PROVIDED DATA =>
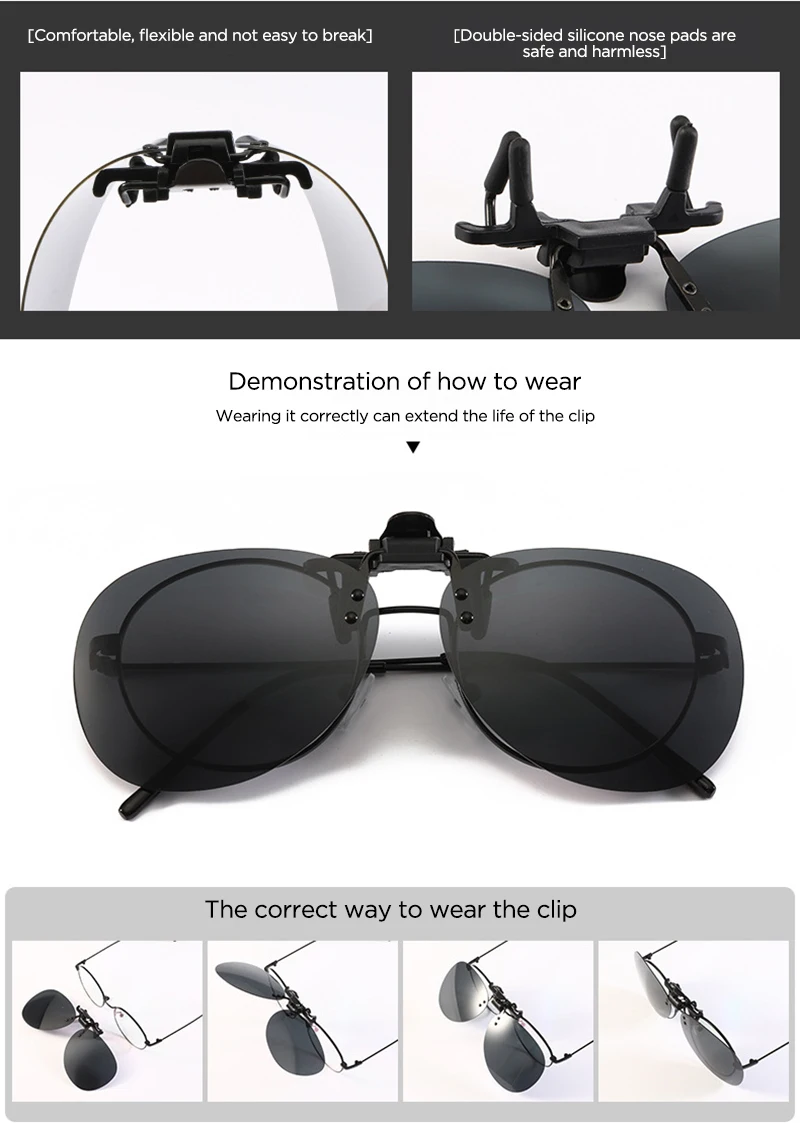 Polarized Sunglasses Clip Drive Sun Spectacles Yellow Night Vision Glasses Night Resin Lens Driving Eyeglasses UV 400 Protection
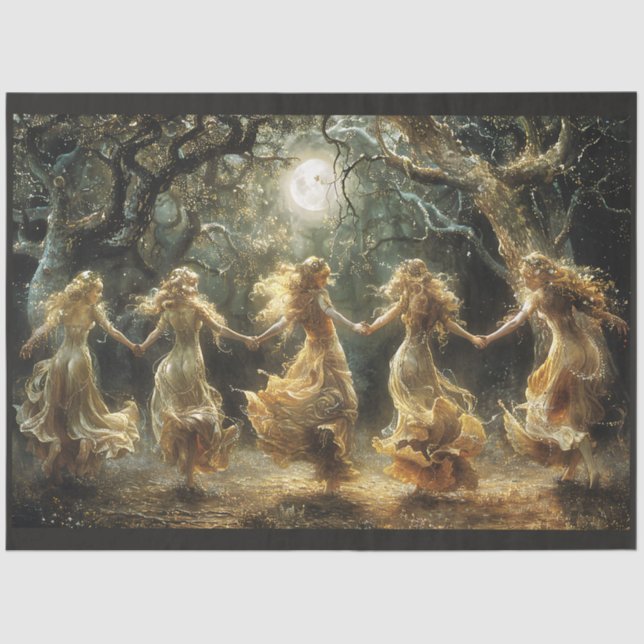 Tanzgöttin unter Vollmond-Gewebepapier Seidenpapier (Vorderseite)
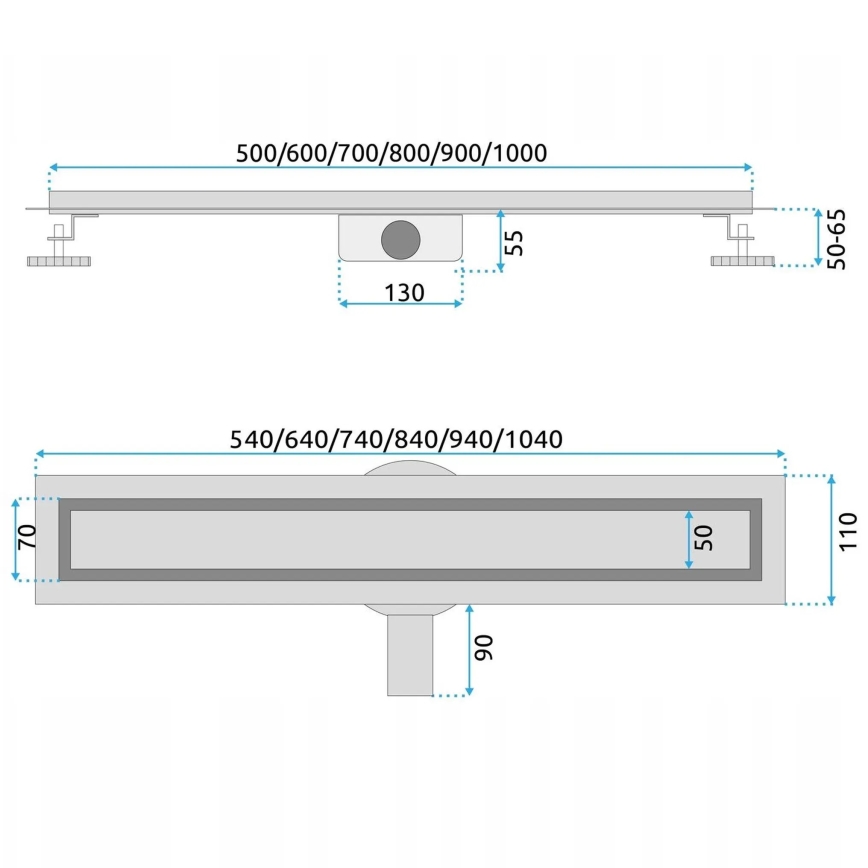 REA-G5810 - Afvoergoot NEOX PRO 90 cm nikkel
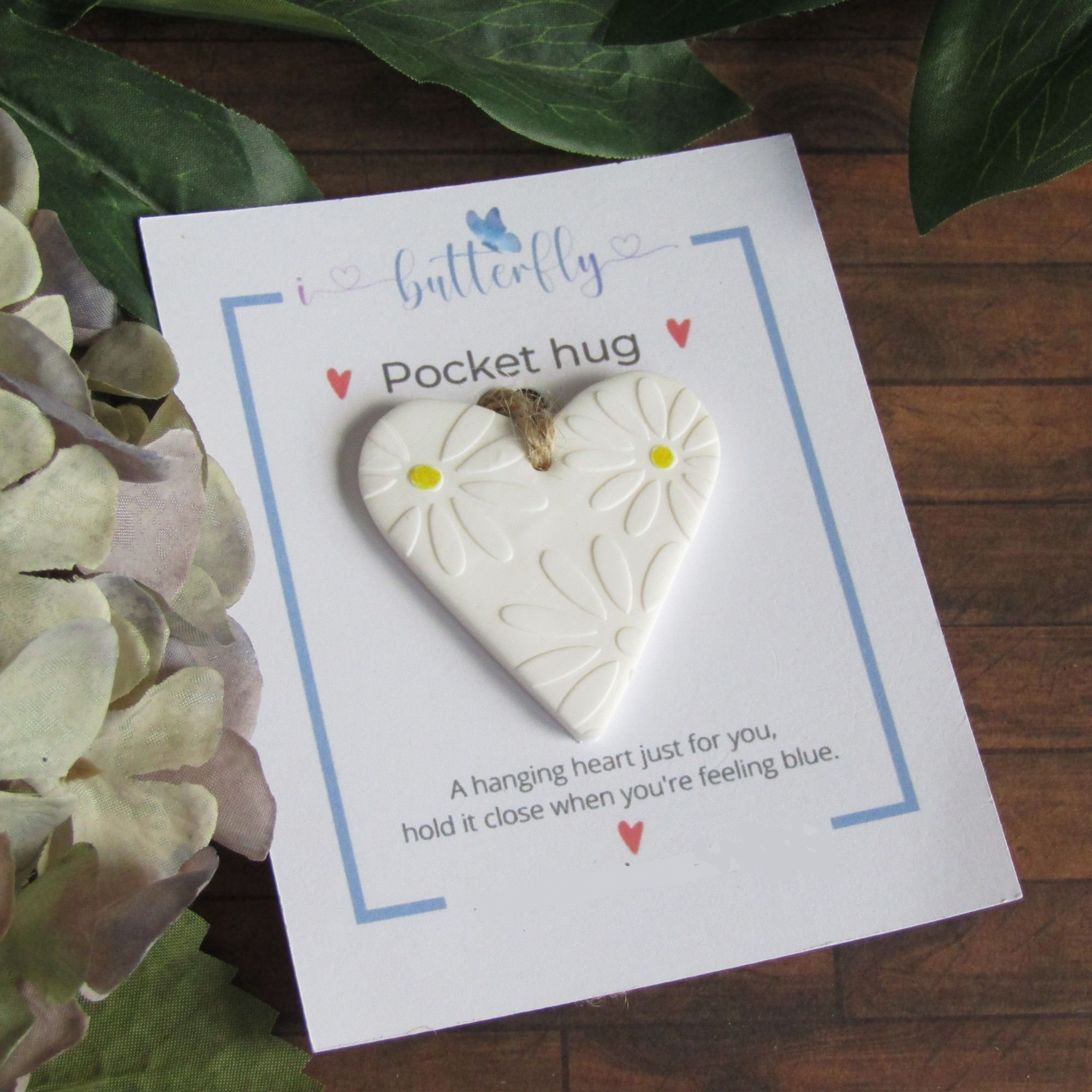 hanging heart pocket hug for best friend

WHAT YOU NEED TO DO => Working from the lines above, reproduce the material exactly and exclude its pictures.

WORKED SOLUTION =>
 Polarized Sunglasses Clip Drive Sun Spectacles Yellow Night Vision Glasses Night Resin Lens Driving Eyeglasses UV 400 Protection
 Tanzgöttin unter Vollmond-Gewebepapier Seidenpapier (Vorderseite)
 REA-G5810 - Afvoergoot NEOX PRO 90 cm nikkel
 hanging heart pocket hug for best friend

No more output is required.